5 Tips for Streamlining Data Analysis and Reporting for Actionable Insights


Businesses make operational decisions daily, from deciding which marketing campaigns to run to how much and which products to keep in inventory.

These decisions equally have far-reaching consequences. Gartner estimates that poor operational decisions cost businesses at least 3% of their profits.

All companies can leverage data analysis and reporting to make better operational decisions.

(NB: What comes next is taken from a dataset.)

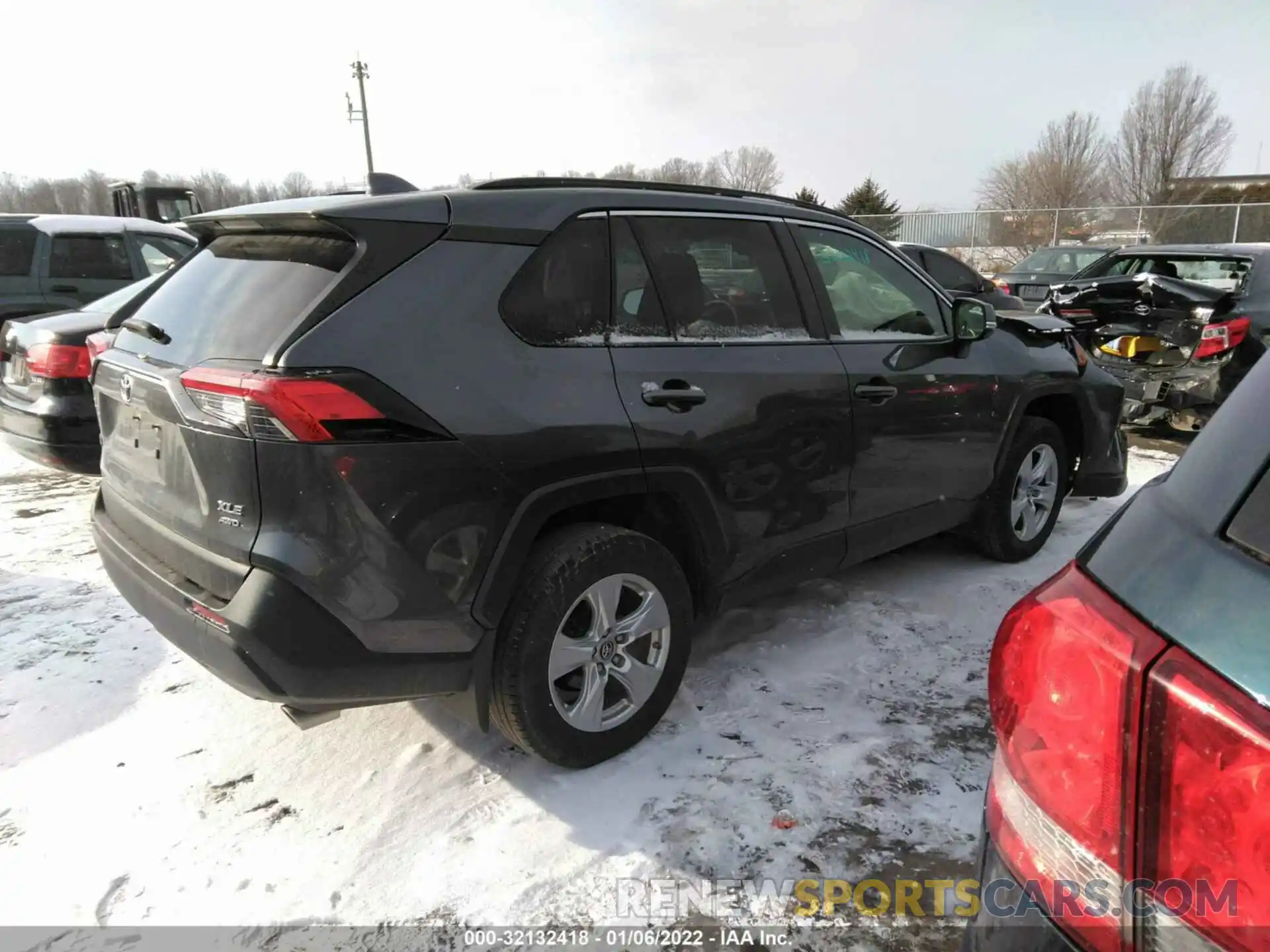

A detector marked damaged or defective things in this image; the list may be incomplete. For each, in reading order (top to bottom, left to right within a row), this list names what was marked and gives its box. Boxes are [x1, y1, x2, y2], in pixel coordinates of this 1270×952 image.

That said, the data analysis process producing insights from data has to be precise, reliable, devoid of biases, and based on sound objectives.

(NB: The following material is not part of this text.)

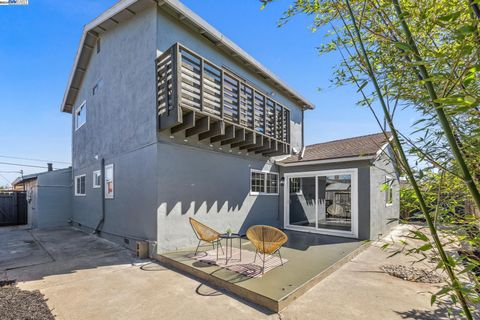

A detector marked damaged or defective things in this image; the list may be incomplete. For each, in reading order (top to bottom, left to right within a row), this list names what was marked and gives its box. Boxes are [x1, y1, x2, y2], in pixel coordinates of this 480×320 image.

cracked concrete ground [0, 226, 458, 318]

The strategies you can embrace include defining clear objectives, utilizing automated tools for data analysis, developing standardized reporting templates, implementing data visualization techniques, and leveraging advanced analytics platforms for streamlined data analysis and reporting.

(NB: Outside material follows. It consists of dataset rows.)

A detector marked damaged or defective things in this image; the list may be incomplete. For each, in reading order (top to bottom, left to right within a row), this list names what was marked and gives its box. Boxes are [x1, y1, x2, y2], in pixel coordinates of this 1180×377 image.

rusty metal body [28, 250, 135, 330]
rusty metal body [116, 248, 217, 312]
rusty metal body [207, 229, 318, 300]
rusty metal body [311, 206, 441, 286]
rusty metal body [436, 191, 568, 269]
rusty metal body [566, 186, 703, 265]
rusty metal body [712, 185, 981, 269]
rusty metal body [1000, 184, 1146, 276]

In this article, we deep dive into the above tips you can adopt to make your data analysis and reporting process more effective and efficient.

Tip 1. Define clear objectives and questions to guide data analysis

Before analyzing data, you must establish a clear objective for each analysis. You can only determine the right objective by asking questions. Lots of questions.

Examples of questions you can ask include:

  • What business problem is the company hoping to solve with this analysis?

  • How is this problem affecting the business?

  • What is the ideal outcome for this data analysis project or request?

These and many more are examples of questions that’ll provide more context. Asking questions during elicitations achieves three purposes:

Helps you identify the key stakeholders of the project

Stakeholder expectations matter for every data analysis project. Stakeholders are those directly or indirectly affected by the business problem.

For example, stakeholders in a website conversion analysis may include the marketing team, web design team, copywriters, and the sales department.

You can narrow the list of stakeholders to those with the greatest potential to affect business outcomes. These are the people responsible for that KPI.

That said, there’s always some ambiguity within companies on KPI ownership. This overlapping or conflicting KPI ownership can delay your project or lead to a wrong path.

Helps you identify independent variables to test

Independent variables are factors that stakeholders have suggested can affect the outcomes.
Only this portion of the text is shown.